DANIEL HYMAN experiences all things “meta” with this impressively original play.

6 characters Edinburgh Fringe sam reynor Victoria Fell

C Venues, 8.45pm, Wed 31 July – Sat 17 August, £10.50/£8.50

‘There are a million and one reviewers in this town – if you listen to every one out there, you’ll explode!’

Thus pleaded a Character to his Author, but the warning was unnecessary – the quality of acting seen today was superb.

Six Characters in Search of an Author begins with the director stating to his Characters that “We’re making an omelette here… you need to break a few eggs.” At this point, the “Characters” are merely shadows behind a screen; clever, meta-theatrical quotes abound, threatening to verge on cliché. This is a play about a play, yet at first it’s not clear what’s going on. We’re not sure how it will develop, or indeed whether it will develop at all.

The audience is given time to pause, wonder and anticipate these eggs which promise to be broken. The anticipation of the unknown was very effective – instead of merely revealing all at once, as so often happens with Fringe shows, the eggs are broken slowly but surely. (That’s enough eggs now.)

It’s worth reiterating that the acting was superb throughout. While this may sound like a simplistic analysis, the quality of acting made the play – lesser performances would have perhaps caused it to smack of cliché. Subtleties such as posture and facial expressions were held to perfection by the Characters, Victoria Fell and Julian Mack in particular. The choice of music always hit the right notes and added to the atmosphere each scene sought.

At this point, the Characters emerge from the shadows. Alongside this small cast, we see a director, his actors and stage hands hoping to find an author to make their story come alive. ‘Trying to make real something that’s not; that is the first sign of madness’, we’re told, but the Characters are their story – they are real to themselves.

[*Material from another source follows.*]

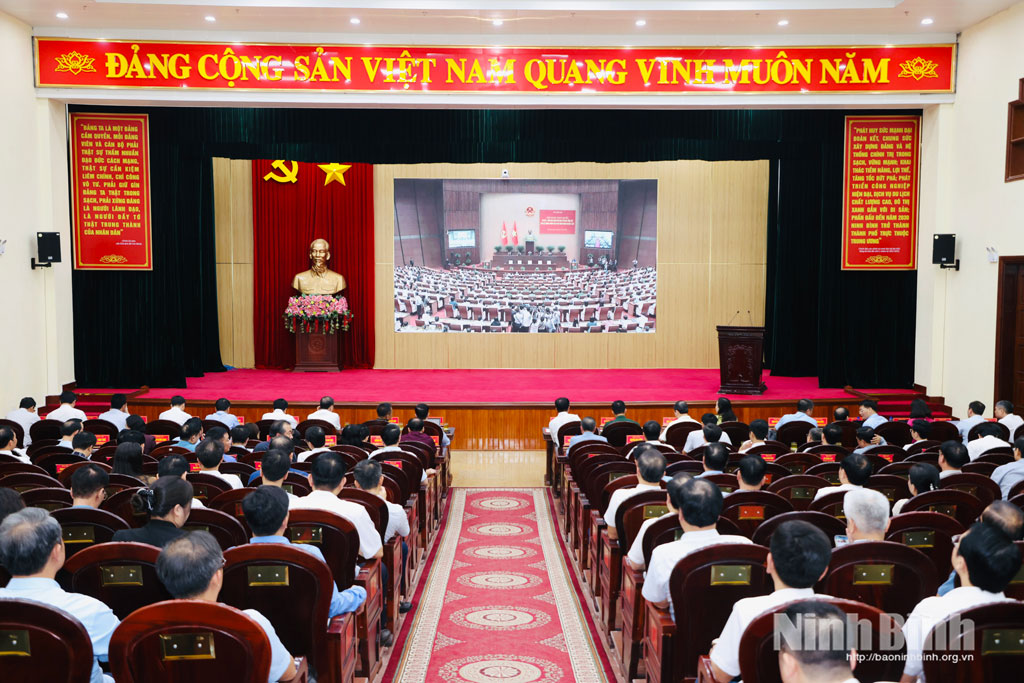 Quang cảnh hội nghị tại điểm cầu tỉnh Ninh Bình.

With their eerie control over their bodies, the Characters evoke emotion through their portrayals of passion and anger, yet by contrast the actors, stage hands and director seem more fluid, more jovial and more human. The effect of this contrast is the sense that the audience is a fly on the wall, witnessing a real cast preparing for a real play. We’re told that ‘the illusions we create are our reality’, and for some moments, in particular when it was revealed that the audience member behind me was, in fact, lead actor Sam Reynor, I genuinely felt like the goal of “reality” was fully achieved.

That’s the beauty of this play. It has emotion, feeling and reality. It implicitly sums up what acting should be about. In some sense the sub-plot of the Characters is tangential- almost omitted from this review, although it is a worthy tale. Yet, through the clever, well-acted plot, this play about plays construes the philosophy of acting while keeping a safe distance from the predictable.